▸ **Task goal**: Transcribe every entry word for word, but skip the images.

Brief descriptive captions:

-- Opening Marker --

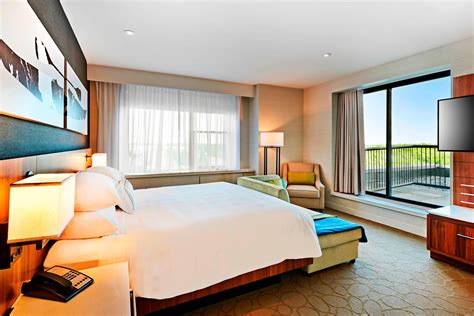 Hotel Rooms & Amenities | Delta Hotels Dartmouth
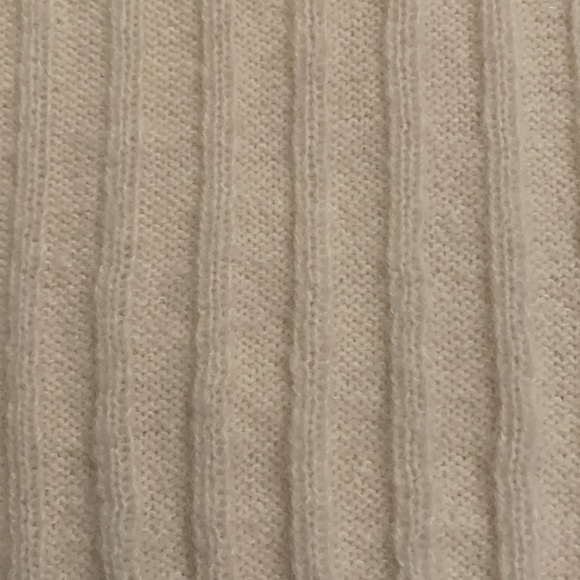 RE ISSUE Women’s Wool and Alpaca Long Sleeve Quiet Luxury Sweater SZ XS Cream - Picture 4 of 13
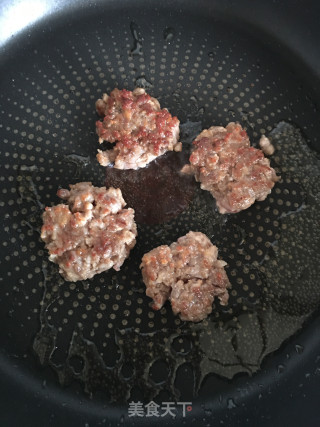 喷鼻煎羊肉饼的做法步调：8
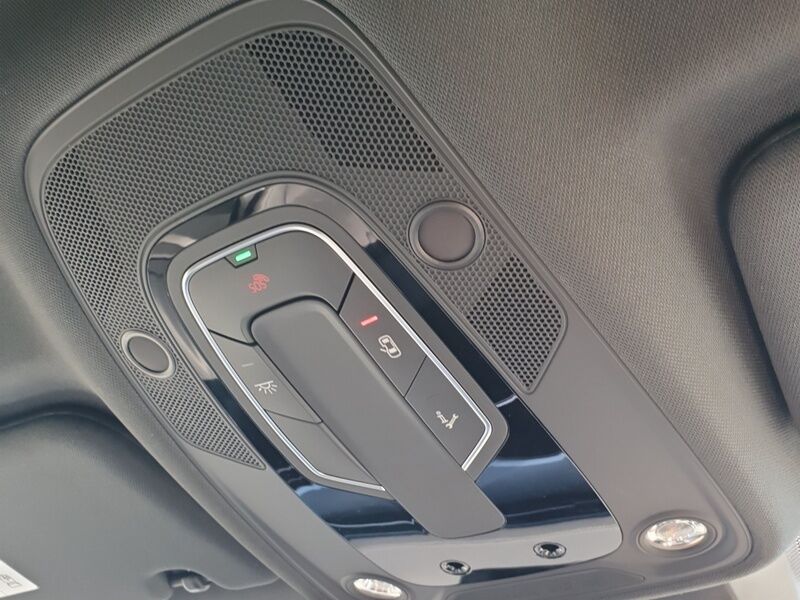 More views of Audi A6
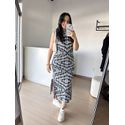 Vestido Bia – Longo em Tricô com Fenda Lateral e Manga Cavada -Cinza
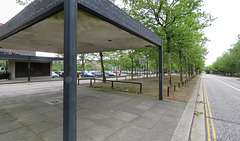 midsummer boulevard, milton keynes, bucks,pedestrian shelters at the crossing points on the main drag. I saw few pedestrians and only one cyclist all day: a local told me "we don't walk here"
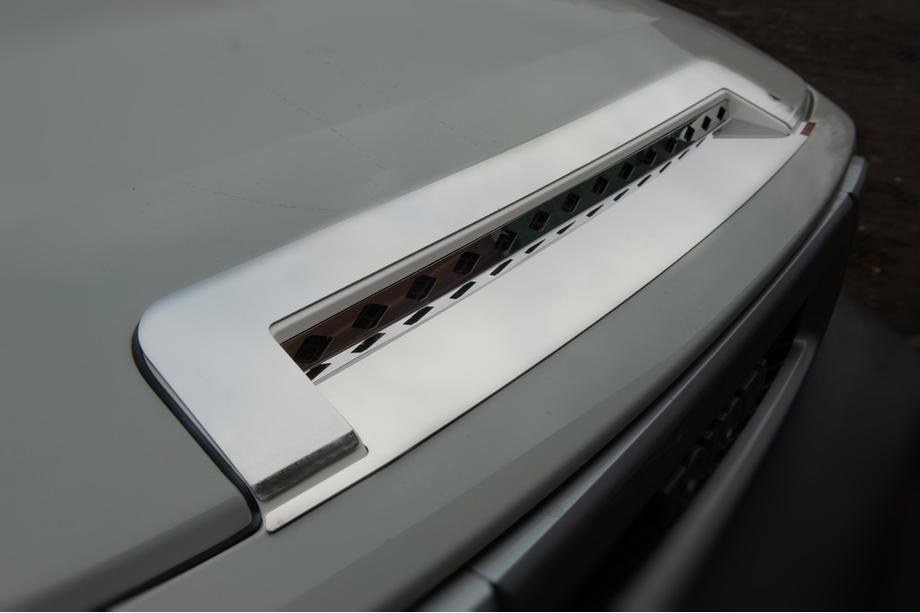 Toyota FJ Cruiser 2006–2022 Chromen motorkaplijst (RVS) Image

-- Closing Marker --

▸ **Result for this exercise**:
 Hotel Rooms & Amenities | Delta Hotels Dartmouth
 RE ISSUE Women’s Wool and Alpaca Long Sleeve Quiet Luxury Sweater SZ XS Cream - Picture 4 of 13
 喷鼻煎羊肉饼的做法步调：8
 More views of Audi A6
 Vestido Bia – Longo em Tricô com Fenda Lateral e Manga Cavada -Cinza
 midsummer boulevard, milton keynes, bucks,pedestrian shelters at the crossing points on the main drag. I saw few pedestrians and only one cyclist all day: a local told me "we don't walk here"
 Toyota FJ Cruiser 2006–2022 Chromen motorkaplijst (RVS) Image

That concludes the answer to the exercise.